## Sum of many 2-byte signed numbers?

30 posts / 0 new
Author
Message

How can one keep a running sum of many two-byte signed integers?

The path taken thus far has been to determine if the first signed integer  is negative. If so, it is placed in the lower two bytes of the total and  the upper three bytes of the total are filled with 0xFF FF FF.  If found to be positive it is just placed in the lower two bytes.

From that point on, the lower bytes are added.  If the Vflag is clear, nothing is done.  Where I get into trouble is when the Vflag is set (when I must modify the next higher byte(s)).

Is there a way to properly handle handle the overflow based on the other S-register flags?

Moderator:  If this is not the proper forum for this message, please transfer it.

Last Edited: Mon.

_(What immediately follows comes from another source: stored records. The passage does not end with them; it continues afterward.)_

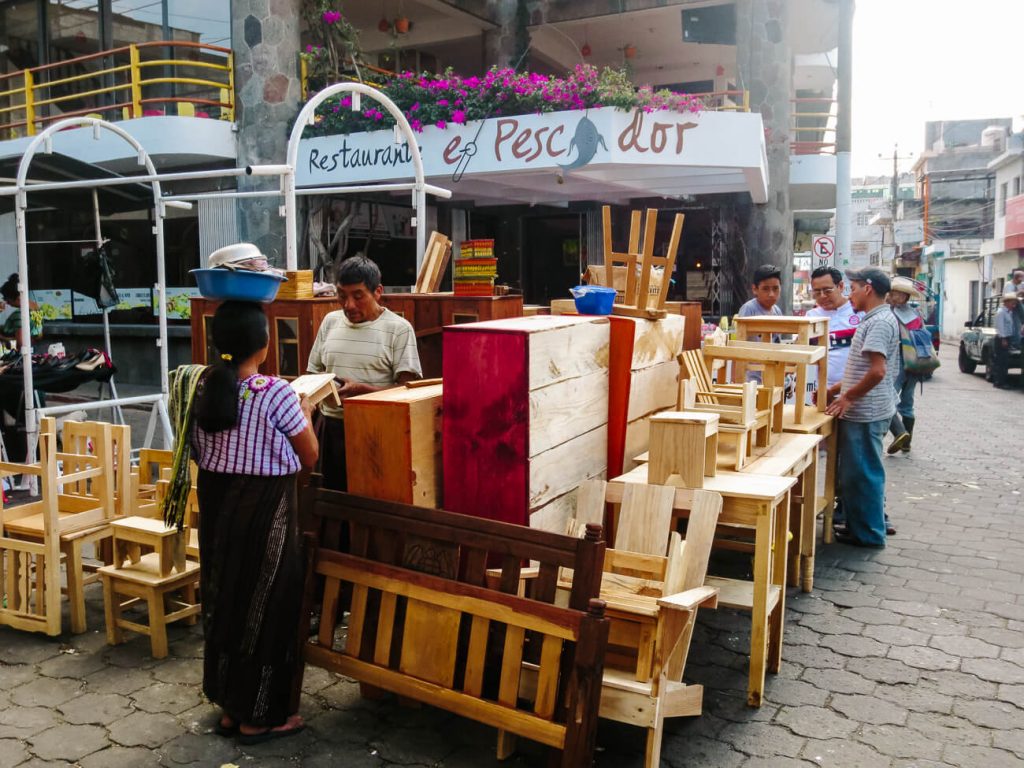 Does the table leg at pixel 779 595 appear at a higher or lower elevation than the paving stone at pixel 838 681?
higher

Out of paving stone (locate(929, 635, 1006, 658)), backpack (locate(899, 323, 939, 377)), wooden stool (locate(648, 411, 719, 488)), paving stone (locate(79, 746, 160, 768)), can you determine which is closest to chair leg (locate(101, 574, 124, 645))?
paving stone (locate(79, 746, 160, 768))

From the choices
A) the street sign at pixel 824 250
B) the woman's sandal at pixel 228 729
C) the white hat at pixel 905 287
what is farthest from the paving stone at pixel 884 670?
the street sign at pixel 824 250

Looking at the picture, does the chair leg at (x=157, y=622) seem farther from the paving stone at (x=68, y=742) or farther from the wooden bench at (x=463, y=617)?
the wooden bench at (x=463, y=617)

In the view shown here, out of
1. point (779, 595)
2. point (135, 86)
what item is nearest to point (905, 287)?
point (779, 595)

May 1, 2017 - 05:58 PM

I think you are making it too hard.

-- Start with 0.  No need to examine the first number for signedness.

-- Add each new number to the total.  No need to examine either the number or total for signedness.

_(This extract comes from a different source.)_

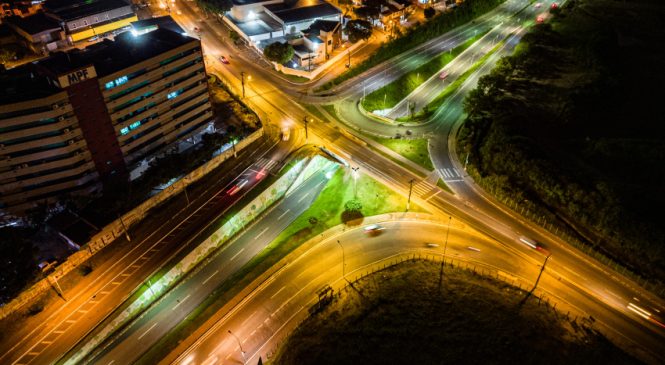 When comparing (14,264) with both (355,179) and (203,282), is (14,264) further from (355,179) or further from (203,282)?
(355,179)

How many 16-bit numbers are you going to add to the total?  If up to e.g. 256, then use a 24-bit or 32-bit "accumulator".  32-bit accumulator would handle up to 64K 16-bit numbers with max value.

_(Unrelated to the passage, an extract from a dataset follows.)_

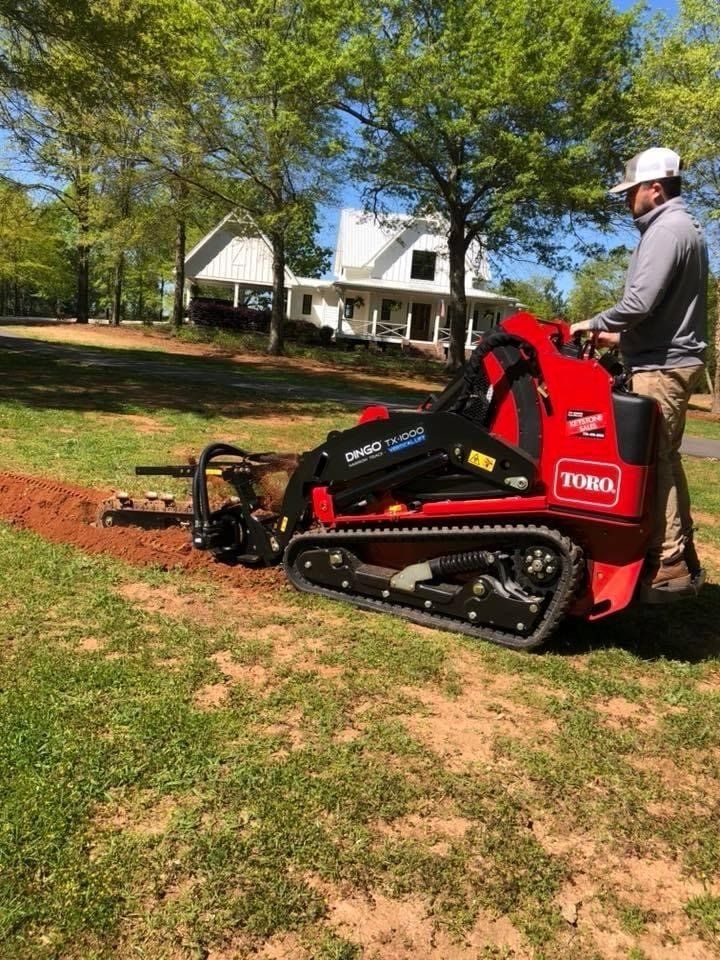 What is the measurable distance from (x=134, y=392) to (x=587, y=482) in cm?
1106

You can put lipstick on a pig, but it is still a pig.

I've never met a pig I didn't like, as long as you have some salt and pepper.

Add each new number to the total.  No need to examine either the number or total for signedness.

Perhaps the unstated question (or answer) is that each sum must simply propagate over ALL 5 bytes (even though only 2 byte numbers are being added)..then the current sum is represented by the 5 byte total.

adc sum2, zero   (some register set to zero)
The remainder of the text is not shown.